======== Data supplied ========
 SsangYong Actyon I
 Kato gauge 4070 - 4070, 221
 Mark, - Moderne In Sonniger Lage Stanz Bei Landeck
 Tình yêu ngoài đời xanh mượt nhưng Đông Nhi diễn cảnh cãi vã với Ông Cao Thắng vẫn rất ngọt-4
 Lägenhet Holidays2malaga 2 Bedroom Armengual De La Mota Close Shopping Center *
========
======== Data supplied ========
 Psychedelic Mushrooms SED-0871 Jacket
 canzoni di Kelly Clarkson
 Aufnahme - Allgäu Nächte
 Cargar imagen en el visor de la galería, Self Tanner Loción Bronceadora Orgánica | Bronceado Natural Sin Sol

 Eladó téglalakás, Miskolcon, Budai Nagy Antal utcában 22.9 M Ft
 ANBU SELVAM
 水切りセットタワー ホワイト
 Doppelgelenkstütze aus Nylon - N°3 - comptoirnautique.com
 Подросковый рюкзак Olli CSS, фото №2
========
======== Data supplied ========
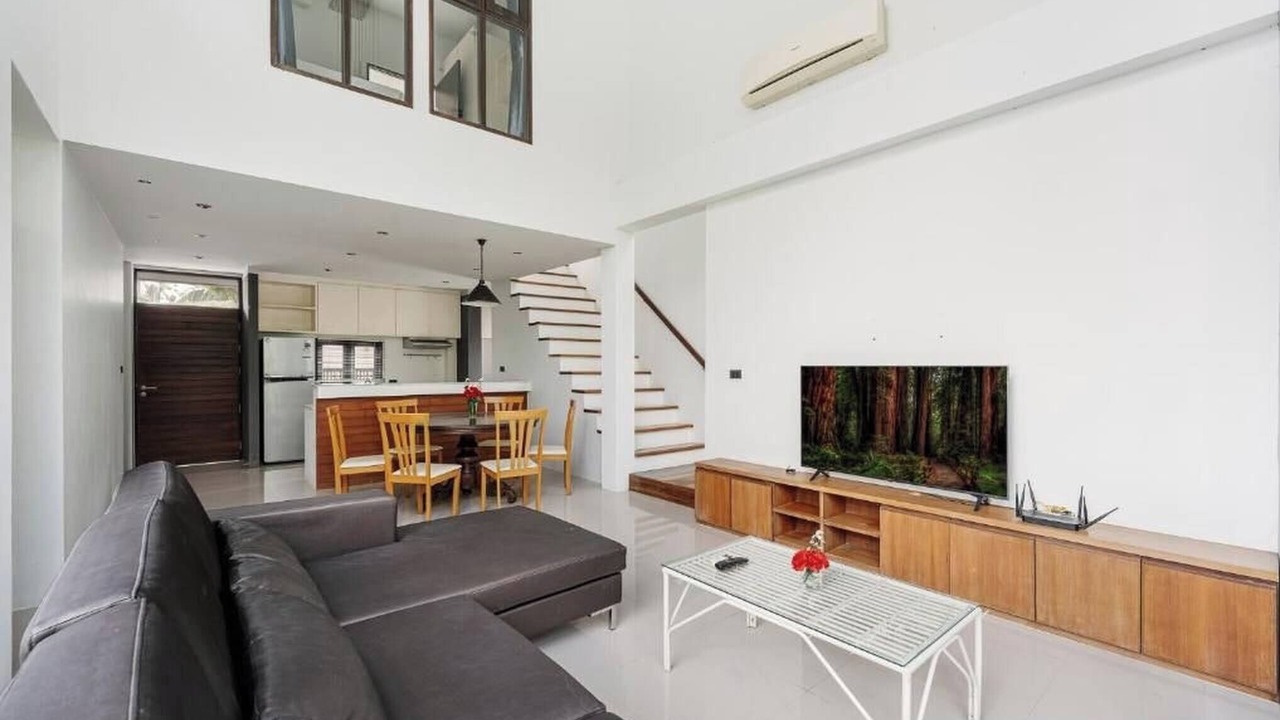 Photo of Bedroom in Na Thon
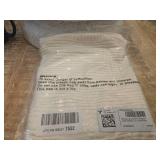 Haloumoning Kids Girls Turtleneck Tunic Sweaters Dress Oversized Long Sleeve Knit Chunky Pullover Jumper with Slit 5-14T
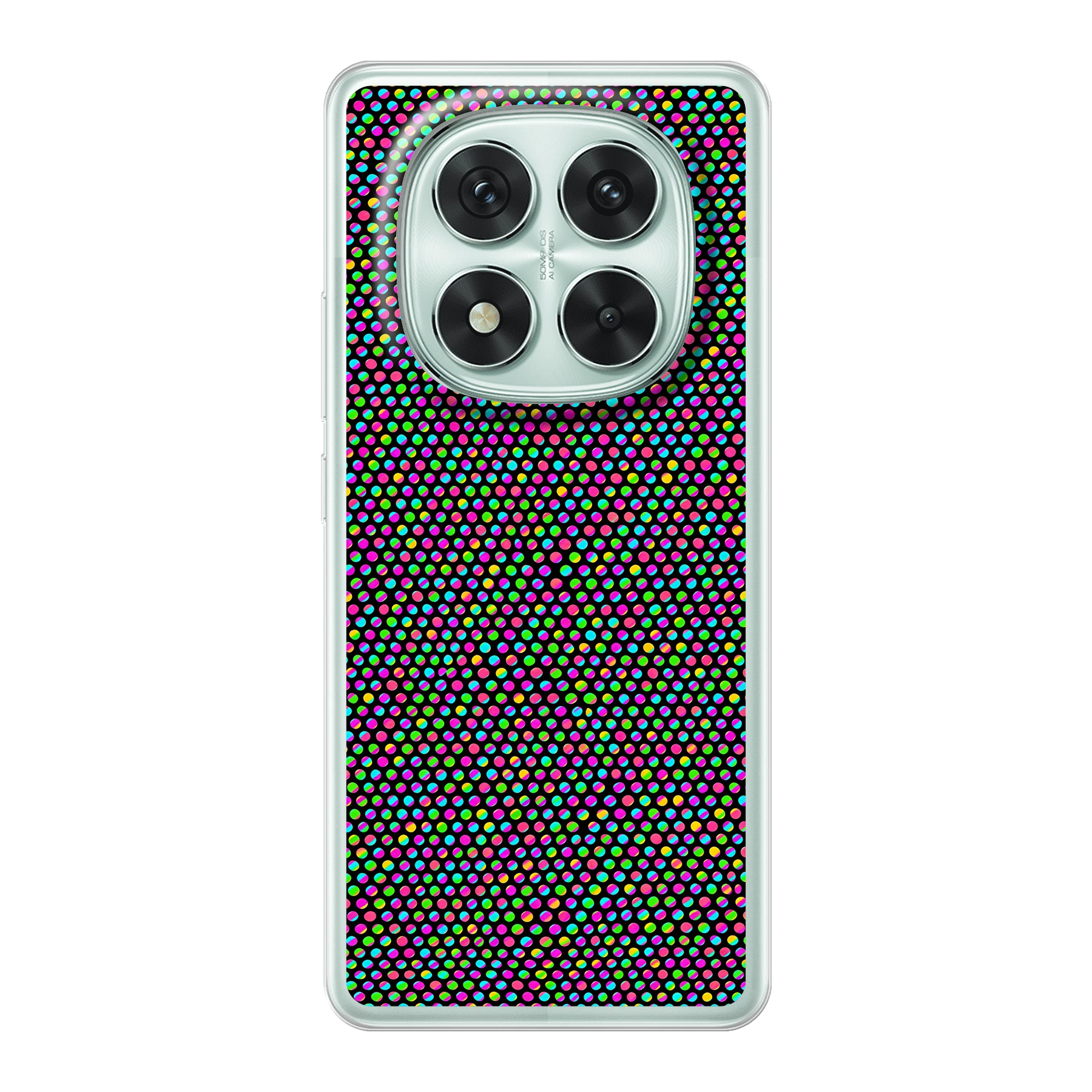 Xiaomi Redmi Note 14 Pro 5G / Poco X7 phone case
========
Print again the lines of the entries above that fall between the line holding "Psychedelic Mushrooms SED-0871 Jacket" and the line holding "Cargar imagen en", inclusive, exactly as they stand.

— Task result —
 Psychedelic Mushrooms SED-0871 Jacket
 canzoni di Kelly Clarkson
 Aufnahme - Allgäu Nächte
 Cargar imagen en el visor de la galería, Self Tanner Loción Bronceadora Orgánica | Bronceado Natural Sin Sol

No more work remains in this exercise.